(Stored items from a collection)

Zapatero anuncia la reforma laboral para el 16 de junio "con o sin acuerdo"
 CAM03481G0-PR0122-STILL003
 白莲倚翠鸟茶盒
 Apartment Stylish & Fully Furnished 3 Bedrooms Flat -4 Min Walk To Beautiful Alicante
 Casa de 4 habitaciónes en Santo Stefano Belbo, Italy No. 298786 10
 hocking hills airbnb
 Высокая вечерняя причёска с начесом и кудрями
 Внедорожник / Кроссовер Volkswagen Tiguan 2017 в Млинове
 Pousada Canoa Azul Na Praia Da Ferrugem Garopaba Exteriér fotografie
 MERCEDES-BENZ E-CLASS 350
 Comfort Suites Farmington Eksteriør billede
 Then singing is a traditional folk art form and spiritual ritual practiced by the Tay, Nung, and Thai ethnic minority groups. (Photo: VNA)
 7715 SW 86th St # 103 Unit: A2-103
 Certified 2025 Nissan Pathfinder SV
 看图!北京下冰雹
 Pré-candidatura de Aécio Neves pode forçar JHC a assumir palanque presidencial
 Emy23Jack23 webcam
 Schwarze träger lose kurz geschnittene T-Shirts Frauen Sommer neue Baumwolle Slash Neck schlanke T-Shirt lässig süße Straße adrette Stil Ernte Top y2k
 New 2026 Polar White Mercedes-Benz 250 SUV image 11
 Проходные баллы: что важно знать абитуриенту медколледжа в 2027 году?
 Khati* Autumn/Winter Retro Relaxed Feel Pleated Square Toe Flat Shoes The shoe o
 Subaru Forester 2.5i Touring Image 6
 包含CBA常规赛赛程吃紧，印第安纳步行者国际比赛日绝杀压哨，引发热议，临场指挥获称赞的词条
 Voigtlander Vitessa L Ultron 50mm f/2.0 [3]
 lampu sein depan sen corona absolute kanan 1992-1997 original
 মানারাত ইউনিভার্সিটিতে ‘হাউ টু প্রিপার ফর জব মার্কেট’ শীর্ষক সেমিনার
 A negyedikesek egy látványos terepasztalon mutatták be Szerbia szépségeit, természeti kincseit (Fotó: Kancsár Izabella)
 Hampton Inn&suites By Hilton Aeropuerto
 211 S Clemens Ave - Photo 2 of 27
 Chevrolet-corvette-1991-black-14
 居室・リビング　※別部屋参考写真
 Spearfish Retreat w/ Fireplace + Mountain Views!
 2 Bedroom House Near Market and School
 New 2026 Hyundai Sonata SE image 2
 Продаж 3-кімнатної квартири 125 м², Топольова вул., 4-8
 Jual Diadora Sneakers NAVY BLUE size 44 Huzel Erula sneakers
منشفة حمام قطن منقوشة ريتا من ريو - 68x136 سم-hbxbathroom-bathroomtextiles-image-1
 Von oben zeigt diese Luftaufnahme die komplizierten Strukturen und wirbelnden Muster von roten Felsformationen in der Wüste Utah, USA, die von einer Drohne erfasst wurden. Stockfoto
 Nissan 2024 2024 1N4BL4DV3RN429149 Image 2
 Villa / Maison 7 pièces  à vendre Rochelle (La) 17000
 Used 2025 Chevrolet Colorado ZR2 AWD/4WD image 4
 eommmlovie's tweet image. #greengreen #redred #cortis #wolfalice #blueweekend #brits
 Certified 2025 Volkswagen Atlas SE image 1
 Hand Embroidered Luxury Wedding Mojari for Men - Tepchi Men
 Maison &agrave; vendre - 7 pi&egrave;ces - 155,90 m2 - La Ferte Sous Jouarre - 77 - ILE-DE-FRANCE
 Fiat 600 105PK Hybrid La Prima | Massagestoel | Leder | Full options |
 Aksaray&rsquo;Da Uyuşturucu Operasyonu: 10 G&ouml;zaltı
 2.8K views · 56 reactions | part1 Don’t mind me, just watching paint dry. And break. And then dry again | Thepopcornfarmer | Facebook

## Task statement:
Begin with the line above that has "Certified 2025 Nissan Pathfinder SV" and continue through the line that has "New 2026 Polar", setting each one down exactly. Stop there.

## Task answer:
 Certified 2025 Nissan Pathfinder SV
 看图!北京下冰雹
 Pré-candidatura de Aécio Neves pode forçar JHC a assumir palanque presidencial
 Emy23Jack23 webcam
 Schwarze träger lose kurz geschnittene T-Shirts Frauen Sommer neue Baumwolle Slash Neck schlanke T-Shirt lässig süße Straße adrette Stil Ernte Top y2k
 New 2026 Polar White Mercedes-Benz 250 SUV image 11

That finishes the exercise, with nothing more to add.